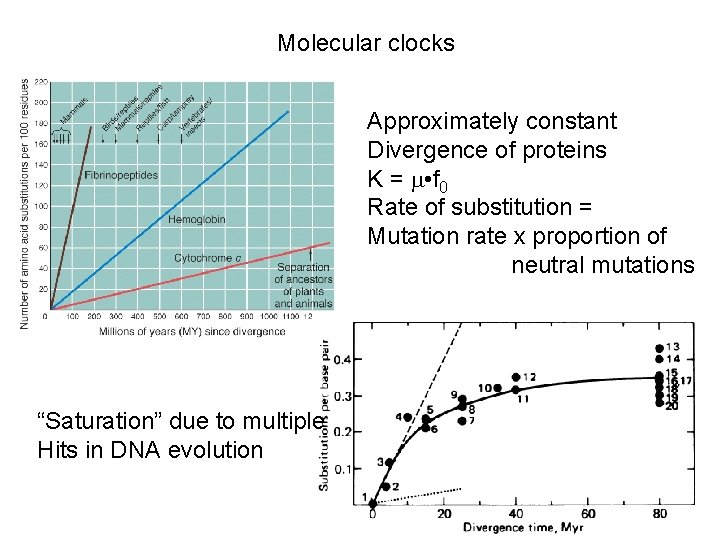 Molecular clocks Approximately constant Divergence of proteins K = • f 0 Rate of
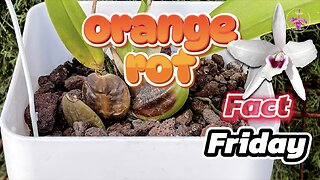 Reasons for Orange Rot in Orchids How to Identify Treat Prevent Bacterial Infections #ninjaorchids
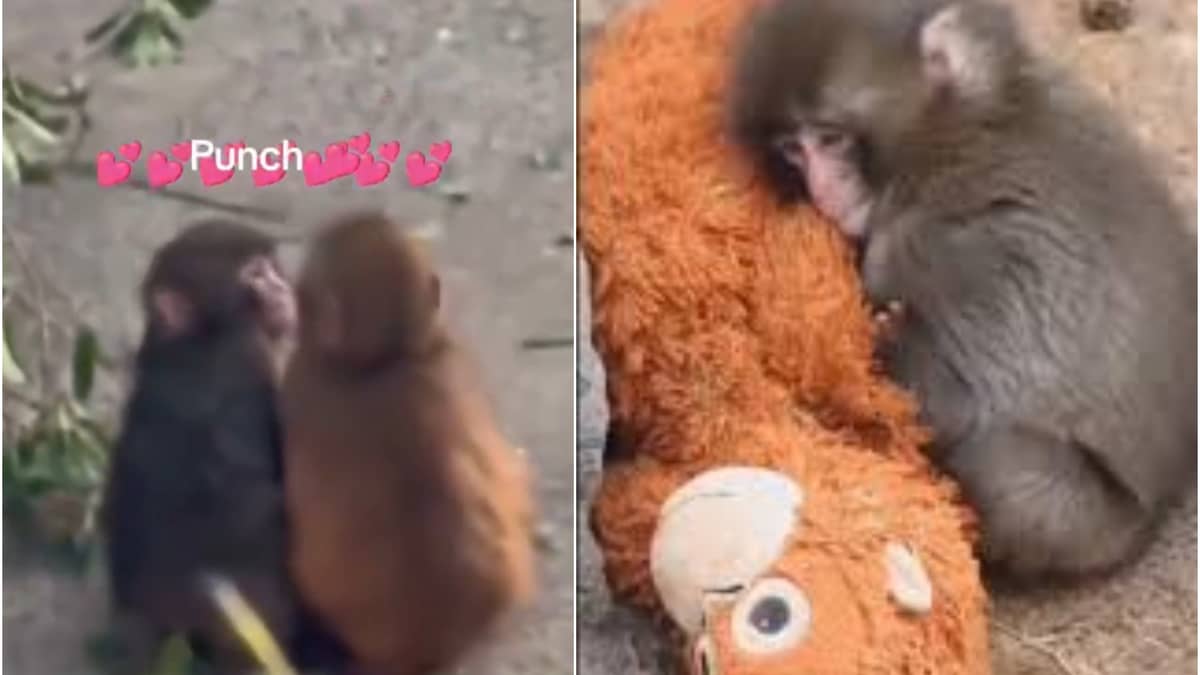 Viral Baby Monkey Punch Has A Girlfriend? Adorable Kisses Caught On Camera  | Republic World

### WORK REQUIRED
Would you restate the listing word for word without its pictures?

### RESULT
 Molecular clocks Approximately constant Divergence of proteins K = • f 0 Rate of
 Reasons for Orange Rot in Orchids How to Identify Treat Prevent Bacterial Infections #ninjaorchids
 Viral Baby Monkey Punch Has A Girlfriend? Adorable Kisses Caught On Camera  | Republic World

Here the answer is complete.